Jusqu’à présent, Picross était un peu l’oncle d’Amérique du jeu de réflexion. Le genre de parent éloigné dont le core-gamer vous parle avec l’oeil humide, une main posée sur votre épaule, certain de vous prescrire une valeur sûre. Seulement voilà, s’il est bien un genre que la DS a permis de dépoussiérer, c’est bien celui du puzzle-game. Du taoïste Polarium au frénétique Meteos, du soviet-revival Tetris au Sudoku en grillade, les bienheureuses prises de tête se multiplient et ne se ressemblent pas. Difficile donc, même pour un jeu issu d’une aussi belle lignée (Mario Picross sur GameBoy en 1995 et diverses séquelles jamais sorties en dehors du Japon) de se faire un nom sur la console aux deux écrans.

« Picross » est la contraction de « Picture Crossword », une grille de mot croisés « graphique » dont on ne remplit plus les cases avec des lettres.

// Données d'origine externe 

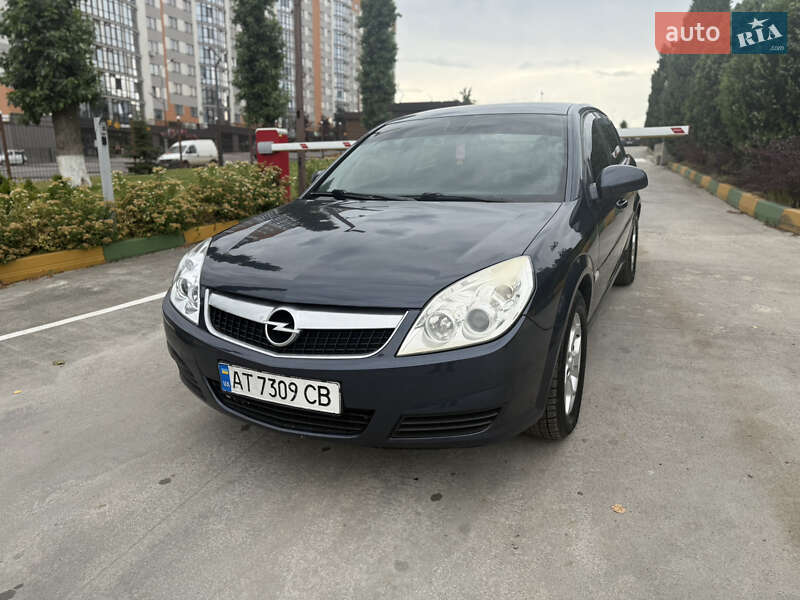 Седан Opel Vectra 2008 в Ивано-Франковске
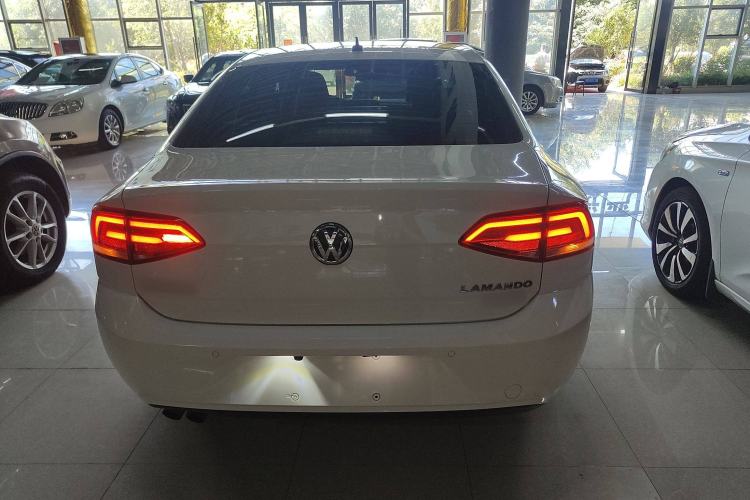 Used Volkswagen Lamando 2017 230TSI DSG Fashion Edition
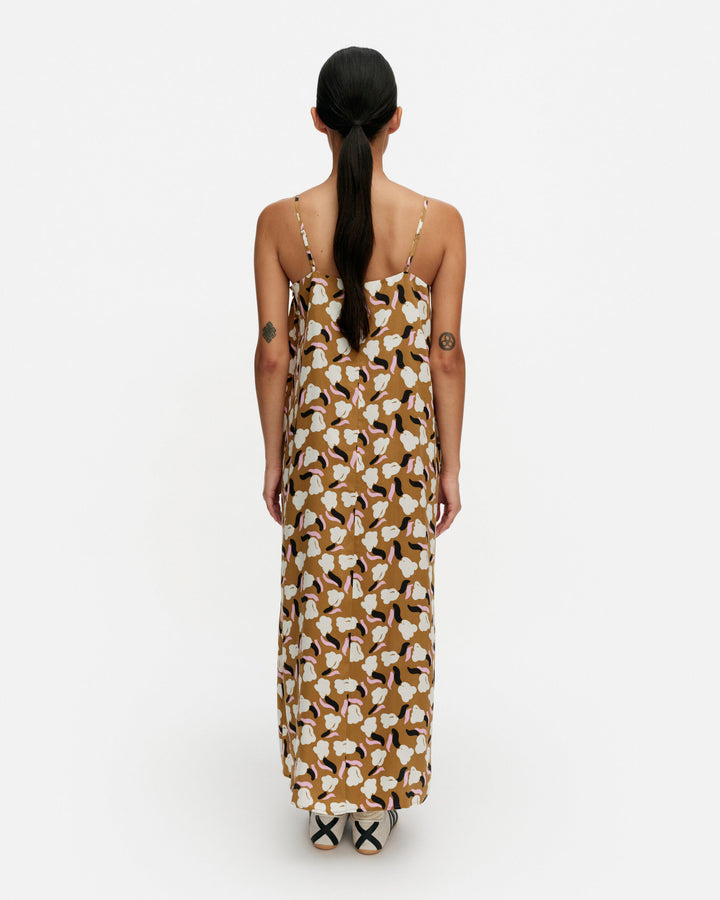 pyörähdys lemmitty dress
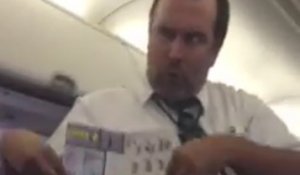 Quand ce steward comique montre des consignes de sécurité dans un avion, tout le monde l'écoute !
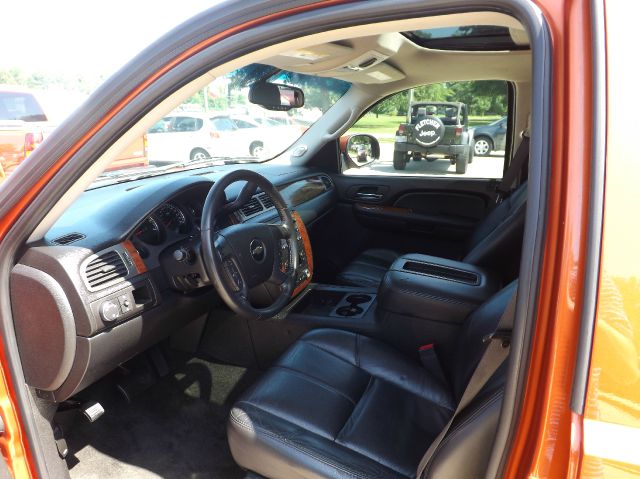 2007 Chevrolet Avalanche SXT Wheelchair Accessible Van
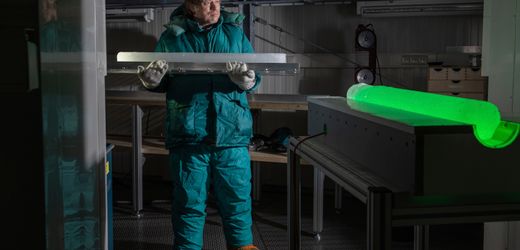 Antarktis: 1,2 Millionen Jahre altes Eis wird in Bremerhaven zersägt
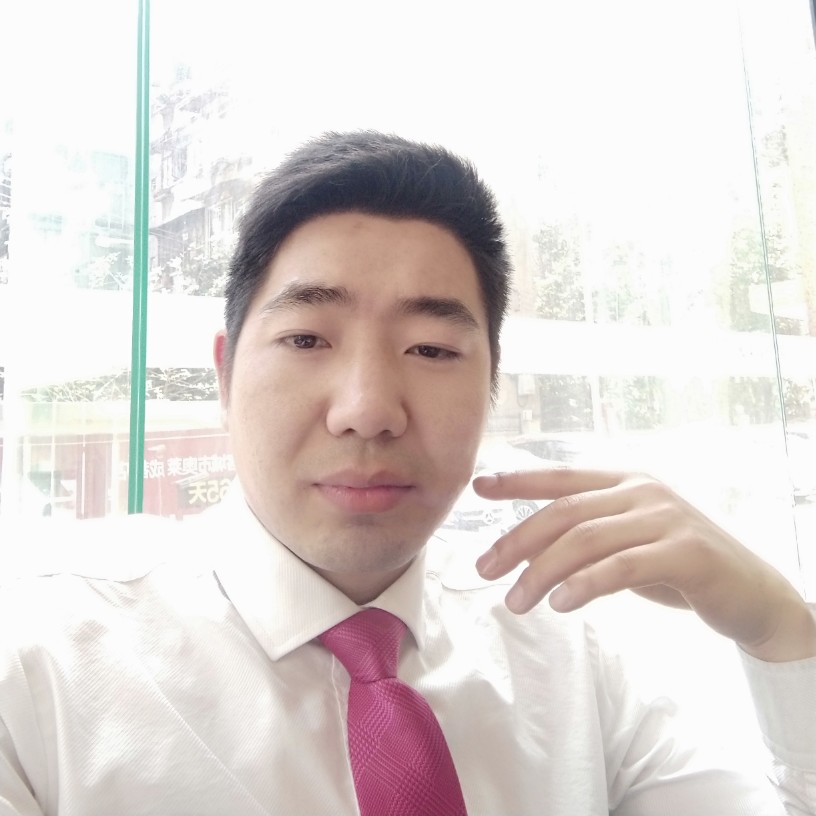 巨人回眸舒服的照片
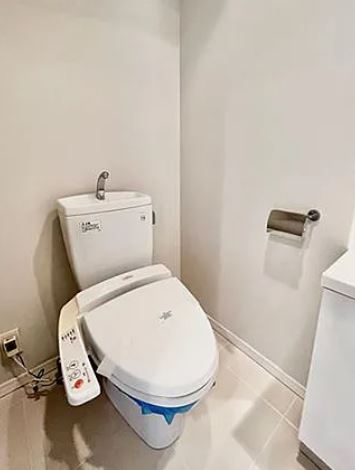 東急大井町線 荏原町駅 徒歩1分 7階建 築22年のトイレ写真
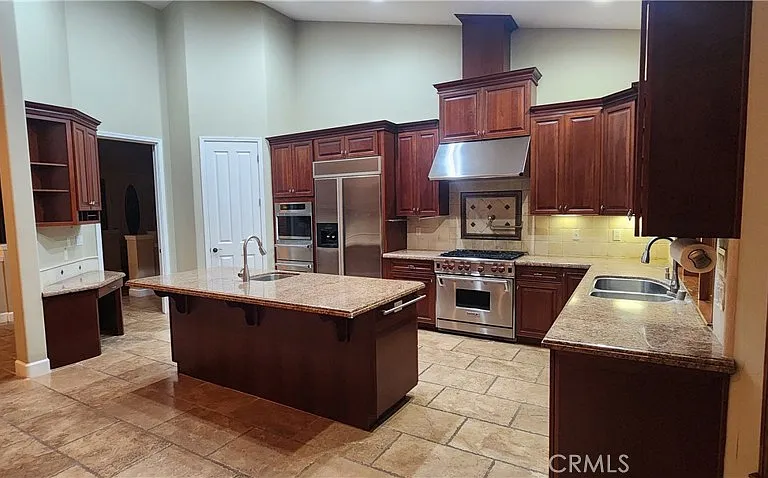 1961 Vineyard View Ln — Photo 45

Il s’agirait plutôt de les remplir jusqu’à faire apparaître un pictogramme bichrome, généralement figuratif. En abscisse et en ordonnée, des chiffres indiquent le nombre de cases à remplir à la suite. Une fois la grille terminée, le motif apparaît et s’anime façon pixel-art. Premier écueil : avant d’avoir intégralement terminé la grille, il est quasiment impossible de deviner la forme finale du pictogramme à reconstituer. Pouvoir faire des hypothèses à partir d’une esquisse aurait-il rendu le jeu trop facile ? A vrai dire, peu importe. Il est simplement regrettable qu’un puzzle-game basé sur le dessin oublie de récompenser la capacité du joueur / traceur à deviner la composition du tableau final. On devra donc se contenter de froides formulations logiques et mathématiques pour cocher la plupart des cases, alors que Picross aurait pu proposer, pour enrichir son gameplay, une dimension « devinette graphique » façon Pictionnary. Paradoxalement, une fois le motif découvert, il se retrouve bêtement exposé à l’écran de sélection des grilles. Conséquence directe : impossible de refaire une grille de Picross sans que le jeu vous affiche au préalable sa solution. Le jeu ne disposant que d’une seule malheureuse sauvegarde, il est donc très difficile de profiter de la cartouche à plusieurs, drôle de choix de la part des concepteurs. Dernière ombre au tableau, alors que la maniabilité tactile a clairement revitalisé le genre des puzzle-games, son intégration bâclée au concept de Picross la rend particulièrement arbitraire. En clair, à moins de piquer les cases avec la précision d’une machine à coudre, l’écran se déplace sous le stylet de façon hasardeuse au risque de nous faire colorier des cases que l’on voulait laisser vides, entraînant une pénalité de temps. Bref, oubliez le tactile, Picross ne se joue correctement qu’à la croix et aux boutons. Les pénalités de temps ne rendent de toutes façons pas le jeu plus difficile. En réalité, il n’y a pas de limite de temps. Tout au plus verra-t-on apparaître un vexatoire « trop lent » s’afficher sur l’écran si, à force d’hésitations ou d’erreurs, le joueur dépasse les soixante minutes pour finir son Picross. Le joueur peu consciencieux pourra colorier toutes les cases comme un goret avec pour seul témoin de sa crapulerie un score-timing gonflé par les pénalités.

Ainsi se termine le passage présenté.